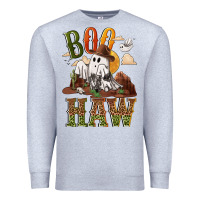 Heather Grey Boo haw Premium Sweatshirt - NancyCooperArtShop
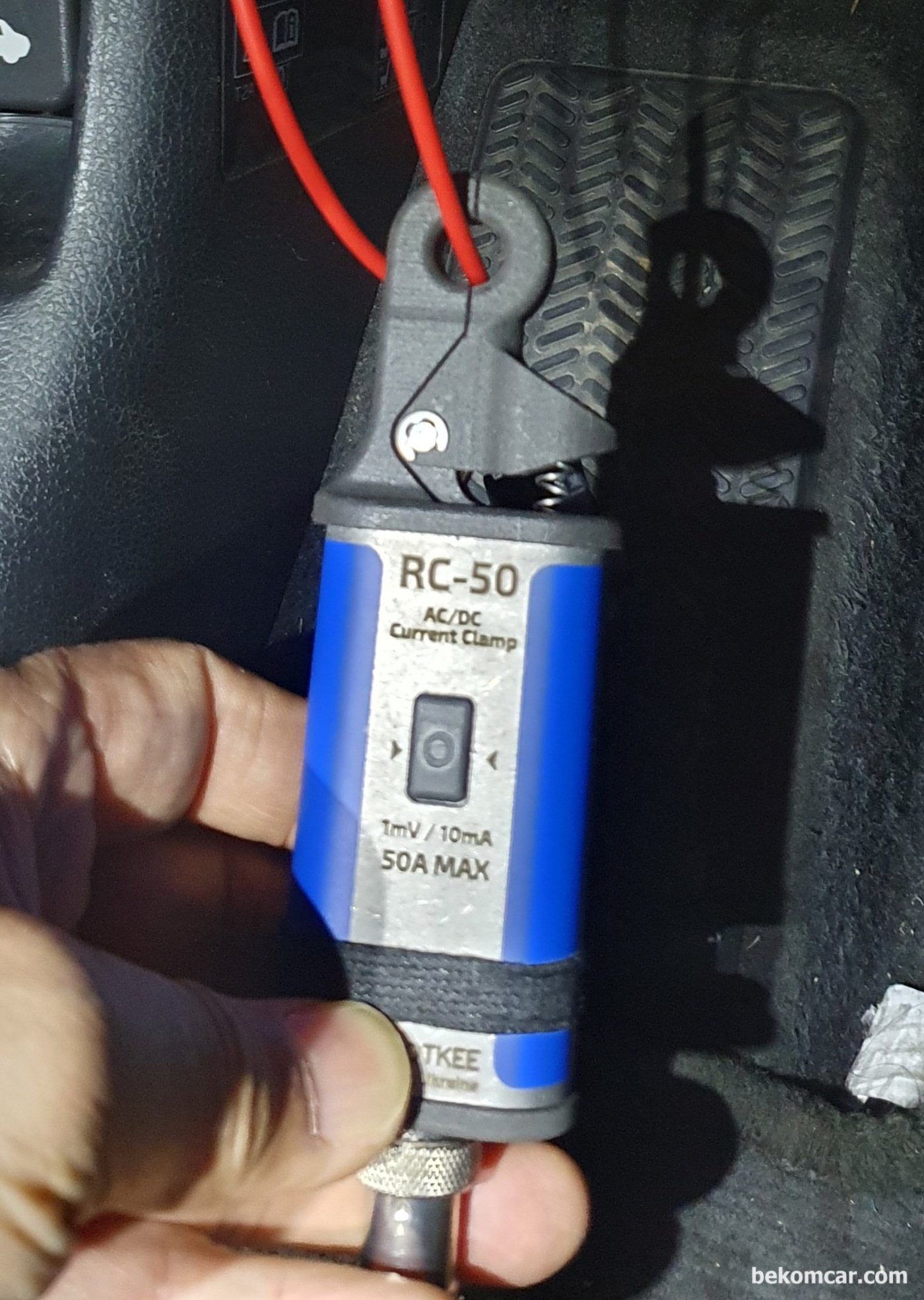 ROTKEE.com 의 전류계 RC-50 이다. HS512Max 와 함께 어코드 9세대 연료펌프 파형측정 및 작동상태 분석에 사용되었다.|ベコムカー (bekomcar)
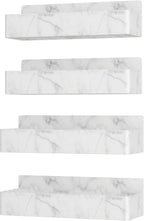 Magnetic Spice Rack for Refrigerator, Kitchen Organizer and Storage Shelf, Marble(4 Pack)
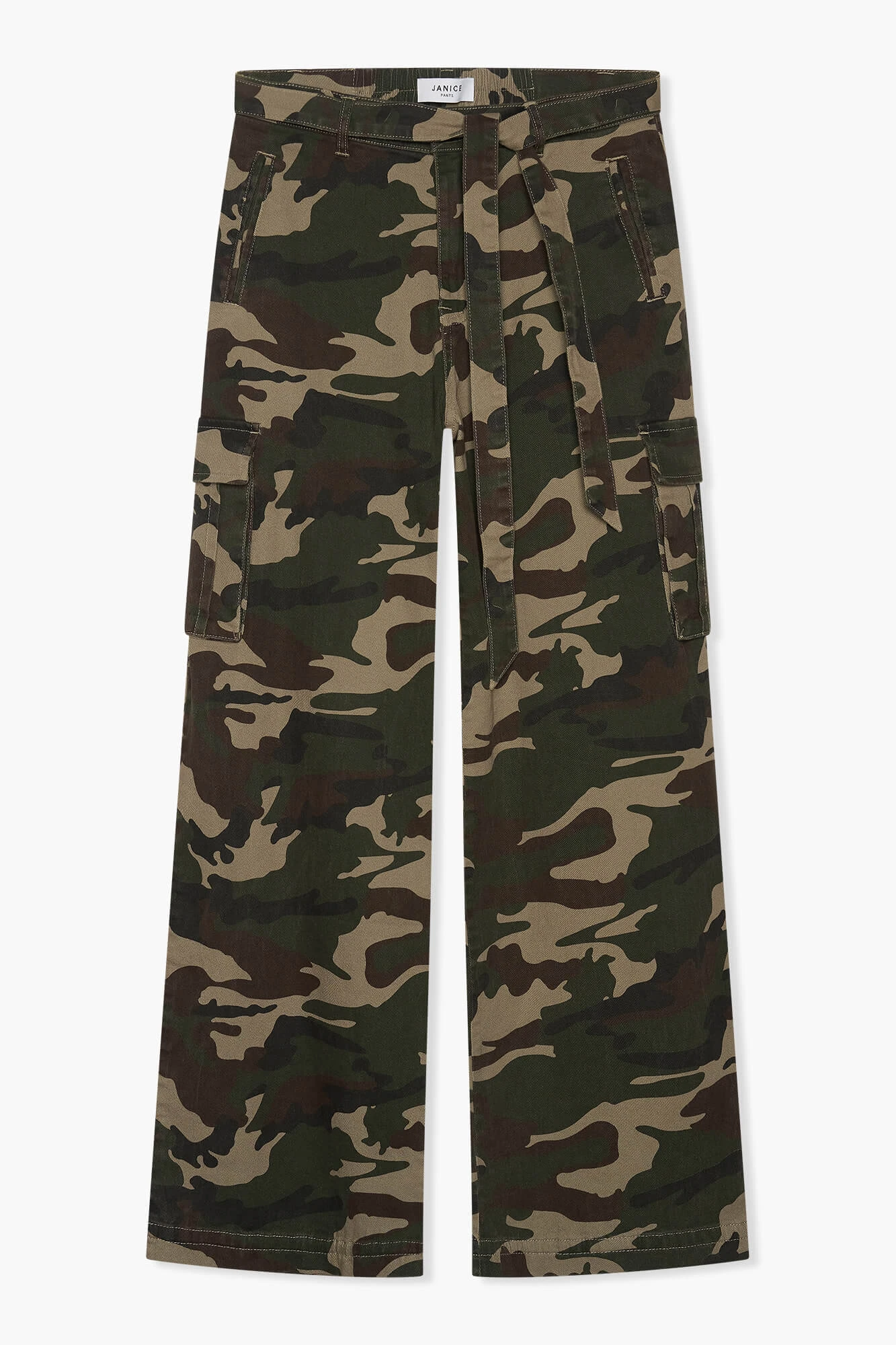 Camouflage broek dames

### TASK ITEM
Make an exact reproduction of the listing above, without any pictures.

### FINISHED TASK
 Heather Grey Boo haw Premium Sweatshirt - NancyCooperArtShop
 ROTKEE.com 의 전류계 RC-50 이다. HS512Max 와 함께 어코드 9세대 연료펌프 파형측정 및 작동상태 분석에 사용되었다.|ベコムカー (bekomcar)
 Magnetic Spice Rack for Refrigerator, Kitchen Organizer and Storage Shelf, Marble(4 Pack)
 Camouflage broek dames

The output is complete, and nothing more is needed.